As a pack buffer is bound and no memory address supplied, glReadPixels operates asynchronously. It’s the job of output_frame to actually access the pixel data:

static int output_frame(
  AVFilterLink *inl, AVFrame *out, GLuint pbo) {

  AVFilterContext *ctx  = inl->dst;

  glBindBuffer(GL_PIXEL_PACK_BUFFER, pbo);

  out->data[0] = (GLvoid*)glMapBuffer(
    GL_PIXEL_PACK_BUFFER, GL_READ_ONLY);

  glUnmapBuffer(GL_PIXEL_PACK_BUFFER);
  glBindBuffer(GL_PIXEL_PACK_BUFFER, 0);

  return ff_filter_frame(ctx->outputs[0], out);
}

As we passed GL_RGB to glReadPixels, the buffer will contain RGBRGB... samples, which is what we told ffmpeg we’d be giving it - we adjust the out frame to point at the mapped buffer.

YUV-specific

The fragment shader, which appears as a string constant in our filter’s C source file, reproduced for readability:

uniform sampler2D tex_y;
uniform sampler2D tex_u;
uniform sampler2D tex_v;
varying vec2 tex_coord;

const mat3 bt601_coeff = mat3(1.164,  1.164, 1.164,
                                0.0, -0.392, 2.017,
                              1.596, -0.813,   0.0);
const vec3 offsets     = vec3(-0.0625, -0.5, -0.5);

vec3 sampleRgb(vec2 loc) {
  float y = texture2D(tex_y, loc).r;
  float u = texture2D(tex_u, loc).r;
  float v = texture2D(tex_v, loc).r;
  return bt601_coeff * (vec3(y, u, v) + offsets);
}

void main() {
  gl_FragColor = vec4(sampleRgb(tex_coord), 1.);
}

At the top-level we’ve got some coefficients for converting values from our Y (luminance) & U, V (chrominance) textures to a vector of R, G, B. The particular values here are for the BT.601 colorspace - in real life, you may want a coefficient uniform, rather than a constant, with a matrix of format-dependent values supplied by the filter1.

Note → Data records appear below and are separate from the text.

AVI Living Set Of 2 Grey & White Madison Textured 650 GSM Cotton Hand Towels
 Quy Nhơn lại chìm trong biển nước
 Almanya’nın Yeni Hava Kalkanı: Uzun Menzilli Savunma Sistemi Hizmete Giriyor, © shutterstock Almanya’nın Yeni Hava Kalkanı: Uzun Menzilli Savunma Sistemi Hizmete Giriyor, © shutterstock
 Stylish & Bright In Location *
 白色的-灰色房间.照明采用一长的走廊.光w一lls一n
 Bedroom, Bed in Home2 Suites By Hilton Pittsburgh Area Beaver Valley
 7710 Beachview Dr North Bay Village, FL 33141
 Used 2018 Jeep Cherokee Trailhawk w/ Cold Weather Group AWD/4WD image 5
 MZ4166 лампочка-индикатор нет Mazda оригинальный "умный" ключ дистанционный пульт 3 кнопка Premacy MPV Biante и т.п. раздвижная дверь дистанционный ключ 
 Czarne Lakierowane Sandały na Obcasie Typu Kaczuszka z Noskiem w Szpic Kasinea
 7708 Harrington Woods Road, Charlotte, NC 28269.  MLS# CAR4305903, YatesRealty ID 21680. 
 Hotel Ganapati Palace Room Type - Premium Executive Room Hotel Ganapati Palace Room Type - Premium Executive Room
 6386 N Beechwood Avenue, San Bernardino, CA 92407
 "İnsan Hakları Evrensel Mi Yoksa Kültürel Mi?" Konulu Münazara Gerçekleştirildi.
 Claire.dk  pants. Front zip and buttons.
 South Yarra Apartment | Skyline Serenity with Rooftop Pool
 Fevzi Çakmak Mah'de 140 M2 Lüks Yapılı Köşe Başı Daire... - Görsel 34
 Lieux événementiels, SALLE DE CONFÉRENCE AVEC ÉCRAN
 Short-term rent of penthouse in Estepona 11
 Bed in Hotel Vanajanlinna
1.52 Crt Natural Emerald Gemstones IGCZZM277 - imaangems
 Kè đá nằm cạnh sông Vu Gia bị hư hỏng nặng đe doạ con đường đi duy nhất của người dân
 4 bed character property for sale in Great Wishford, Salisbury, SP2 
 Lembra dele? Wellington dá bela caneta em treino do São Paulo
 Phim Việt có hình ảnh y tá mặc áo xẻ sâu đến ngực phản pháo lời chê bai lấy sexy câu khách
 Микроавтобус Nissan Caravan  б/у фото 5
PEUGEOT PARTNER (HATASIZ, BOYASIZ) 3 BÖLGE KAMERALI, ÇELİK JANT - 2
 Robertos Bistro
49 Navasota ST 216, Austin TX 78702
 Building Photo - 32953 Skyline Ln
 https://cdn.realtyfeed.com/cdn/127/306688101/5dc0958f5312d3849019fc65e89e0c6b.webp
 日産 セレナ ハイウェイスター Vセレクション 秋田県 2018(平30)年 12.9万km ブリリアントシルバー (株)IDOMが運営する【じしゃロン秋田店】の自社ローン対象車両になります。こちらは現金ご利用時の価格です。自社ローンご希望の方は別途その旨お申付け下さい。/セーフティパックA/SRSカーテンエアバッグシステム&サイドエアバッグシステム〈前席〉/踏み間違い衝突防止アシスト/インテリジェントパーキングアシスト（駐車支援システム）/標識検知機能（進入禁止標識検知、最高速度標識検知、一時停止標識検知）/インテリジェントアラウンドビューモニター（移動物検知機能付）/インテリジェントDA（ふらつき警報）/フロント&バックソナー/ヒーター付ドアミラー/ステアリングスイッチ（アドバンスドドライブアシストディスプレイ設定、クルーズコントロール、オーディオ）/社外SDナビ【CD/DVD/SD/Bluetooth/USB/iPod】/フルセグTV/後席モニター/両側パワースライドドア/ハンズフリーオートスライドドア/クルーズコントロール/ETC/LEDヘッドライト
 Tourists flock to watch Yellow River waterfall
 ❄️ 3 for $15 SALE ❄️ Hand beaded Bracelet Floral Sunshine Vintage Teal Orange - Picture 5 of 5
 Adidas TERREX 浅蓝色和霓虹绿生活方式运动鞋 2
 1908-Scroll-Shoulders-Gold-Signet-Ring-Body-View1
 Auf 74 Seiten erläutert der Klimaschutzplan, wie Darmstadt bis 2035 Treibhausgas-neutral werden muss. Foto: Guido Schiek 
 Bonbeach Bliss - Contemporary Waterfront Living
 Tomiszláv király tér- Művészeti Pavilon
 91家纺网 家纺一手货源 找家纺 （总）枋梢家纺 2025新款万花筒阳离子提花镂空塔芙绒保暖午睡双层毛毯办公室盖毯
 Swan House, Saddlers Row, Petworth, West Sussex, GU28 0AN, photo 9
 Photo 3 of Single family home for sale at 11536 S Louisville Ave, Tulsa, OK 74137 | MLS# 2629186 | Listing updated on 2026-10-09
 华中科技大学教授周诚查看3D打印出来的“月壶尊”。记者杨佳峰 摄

offsets is used to scale the YUV values pre-conversion, such that luminance values fall between 16/256 (picture black) and 235/256 (picture white), and chrominance values in the range 0-1.

1 I don’t know a huge amount (i.e. I know nothing) about colorspaces.

And finally the modified query_formats definition:

static int query_formats(AVFilterContext *ctx) {
  AVFilterFormats *formats = NULL;
  int ret;
  if ((ret = ff_add_format(&formats, AV_PIX_FMT_YUV420P)) < 0 ||
      (ret = ff_formats_ref(formats, &ctx->inputs[0]->out_formats)) < 0) {
    return ret;
  }
  formats = NULL;
  if ((ret = ff_add_format(&formats, AV_PIX_FMT_RGB24)) < 0 ||
      (ret = ff_formats_ref(formats, &ctx->outputs[0]->in_formats)) < 0) {
    return ret;
  }
  return 0;
}

Hopefully that made some kind of sense. As above, the code is on Github - suggestions welcomed.